近頃は、企業のSNSのカジュアル化が進んでいる。あたかも個人アカウントのような言葉遣いや気安い反応は、以前には考えられなかったほどだ。それが
・面白み
・親近感
を生む――というのが、企業のSNS戦略のトレンドとなっている。
若者はSNSに慣れているし、今までのような堅苦しい投稿はウケないだろうと、若手社員がSNSを担当しているところも多い。小さな企業では、上司や同僚に確認することなく、ひとりで管理していることも珍しくない。
SNSの魅力は、投稿者が個人や小さな企業であっても、話題になれば広告宣伝費なしで広く知られる可能性があることだ。その反面、問題があって投稿が炎上すれば、驚くほどの速さで拡散されてしまう。
ジェンダー関連の投稿を考える場合、例えば今回のように男性が圧倒的に多い職場では、女性の扱われ方が世間一般とずれている可能性がある。職場全体がずれていれば、上司のチェックすらすり抜けてしまう。
SNSのガイドライン作成を

三条タクシーの場合、インターネット上では
「アカウント担当の社長がワンマンで、他の社員が口出しできない状態だったのでは」
という憶測が流れた。非難が集まった女性ドライバーは10万人以上のフォロワーを持つインフルエンサーであるため、仮に投稿内容が性的で問題だと感じた社員がいたとしても、反響があれば、それが社内では「正義」になっていた可能性がある。
特に同社は社内SNSのガイドラインを作成し、その第1歩としてセクハラや性的な投稿の禁止を盛り込む必要があるだろう。
タクシー業界は高齢化が進んでおり、女性ドライバーのボリュームは45歳から75歳まである。三条タクシーの場合、ルッキズム、エイジズムと指摘されることを避けつつ、女性ドライバーの活躍をうまくアピールするような運営が望まれる。

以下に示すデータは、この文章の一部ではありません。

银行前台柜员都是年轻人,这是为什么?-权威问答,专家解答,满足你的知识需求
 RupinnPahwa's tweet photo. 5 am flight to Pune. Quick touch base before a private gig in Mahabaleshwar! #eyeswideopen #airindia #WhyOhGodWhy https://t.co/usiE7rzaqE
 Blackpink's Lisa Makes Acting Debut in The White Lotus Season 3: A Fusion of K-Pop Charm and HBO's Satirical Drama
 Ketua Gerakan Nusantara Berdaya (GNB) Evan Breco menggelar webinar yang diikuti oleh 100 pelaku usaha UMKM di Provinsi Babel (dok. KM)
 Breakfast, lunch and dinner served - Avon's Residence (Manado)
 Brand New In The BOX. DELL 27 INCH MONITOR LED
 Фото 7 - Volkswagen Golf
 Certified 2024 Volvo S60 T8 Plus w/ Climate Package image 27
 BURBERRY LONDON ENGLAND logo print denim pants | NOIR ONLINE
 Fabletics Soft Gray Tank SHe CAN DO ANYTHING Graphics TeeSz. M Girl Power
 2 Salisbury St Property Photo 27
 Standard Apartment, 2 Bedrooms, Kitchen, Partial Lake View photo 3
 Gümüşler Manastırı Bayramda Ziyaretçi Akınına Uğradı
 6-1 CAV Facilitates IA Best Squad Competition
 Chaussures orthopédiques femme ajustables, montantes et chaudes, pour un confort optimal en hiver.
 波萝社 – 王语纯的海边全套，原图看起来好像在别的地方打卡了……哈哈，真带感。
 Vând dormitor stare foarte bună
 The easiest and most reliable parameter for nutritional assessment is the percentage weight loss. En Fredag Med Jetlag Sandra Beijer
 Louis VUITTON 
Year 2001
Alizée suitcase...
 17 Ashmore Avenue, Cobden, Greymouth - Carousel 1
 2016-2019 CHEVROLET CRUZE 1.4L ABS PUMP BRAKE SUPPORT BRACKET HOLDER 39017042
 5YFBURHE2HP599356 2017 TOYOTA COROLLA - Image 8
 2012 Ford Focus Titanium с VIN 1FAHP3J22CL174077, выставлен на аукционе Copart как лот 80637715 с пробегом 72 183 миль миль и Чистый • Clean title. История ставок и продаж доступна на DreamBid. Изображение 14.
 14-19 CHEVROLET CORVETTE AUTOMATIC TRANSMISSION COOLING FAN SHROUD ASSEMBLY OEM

いずれも啓発が必要だが、社員教育も小さな企業では不十分なこともある。三条タクシーの従業員数は33人(ウェブサイト情報)。男性中心の業界なのだから、タクシーの業界団体が主導してはどうだろうか。
そもそも日本はジェンダーギャップ指数で世界125位(2023年)なのだから、国民的な啓発やメディアによる良しあしの基準作りなど、根本的な改善を目指す必要がある。